Типы хама и «интеллигента с надрывом», как они описаны Гинзбург, должны, как представляется, достигать расцвета в иерархических обществах, которым свойственно неравенство, – в таких, как дореволюционная и сталинская Россия. Любопытно, что в случае женщин, чьи характеры она анализирует, Гинзбург находит корни этих типов личности во взаимодействии дореволюционного воспитания (или классовой идентичности) с новыми советскими реалиями. Например, образ хамки как автоконцепция С. обусловлен, по мнению Гинзбург, тем фактом, что С. выросла с (осознанным или бессознательным) ощущением своего права жить припеваючи и ей, казалось, предназначалась судьба «хозяйки жизни», но затем это самоощущение разбилось о суровую реальность, в которой невозможны благополучное замужество и привольная легкая жизнь. С., вопреки традициям, направляет аристократический стиль и дар красноречия в русло хамства, адаптируя свой имидж к обстановке на рабочем месте. На примере С. и других становится ясно, как автоконцепции меняются в биографическом времени, реагируя на внешнее давление – давление истории.
Хотя Гинзбург не намекает на сталинский террор, в ее очерке содержатся туманные отсылки к беспросветной обстановке в обществе: С. видит общественную действительность в черных тонах, поскольку ей не дают вести гедонистическую жизнь: «Оно [мышление] перекладывает вину на обстоятельства и озлобляется на обстоятельства. Гедонистической жизни не может быть, следовательно жизнь ужасна, все обман, лучше бы собственно умереть»[847]. Тот факт, что ее психика была «приспособлена для легкого и веселого прохождения по жизни», лишь яснее высвечивает ее «злобу и мрачность»:
Особенную злобу вызывает у нее вид чужого счастья, вид беспечных и веселящихся людей. Она считает, что это ошибка, недомыслие или вульгарность, дурной тон. Она всем организмом ощущает, что ей должно было бы быть хорошо, что она предназначена и приспособлена к тому, чтобы ей было хорошо.

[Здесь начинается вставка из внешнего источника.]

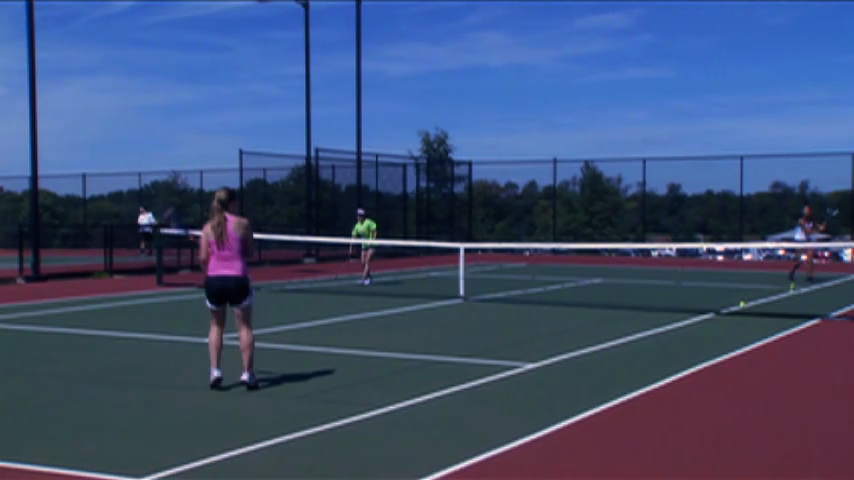 Players on tennis court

И понять, что ей плохо она может только исходя из того, что всем плохо, что хорошо не может быть принципиально, и люди, воображающие, что им хорошо, глупо заблуждаются или стоят на неком низшем уровне развития[848].
Критические выпады Гинзбург приобретают жутковатый характер, если учесть, что этот очерк она написала в дни сталинского террора. В тот период сестра С. стала жертвой репрессий (ее арестовали 4 февраля 1938 года и казнили 28 июня того же года в Ленинграде); об этом факте, разумеется, нельзя было упоминать даже в записях в стол. И все же, как пишет Гинзбург, хотя мироощущение у С. мрачное, ее «положительное жизнеощущение» и сильная воля найдут «лазейки» (или способы выражения) в трех первичных сферах: сфере «мгновенных удовольствий» (от «высокой музыки» до «хороших чулок или пирожного»), «речевом даровании» (об этой семейной черте обеих сестер Гинзбург много пишет) и ригоризме в трудовой деятельности.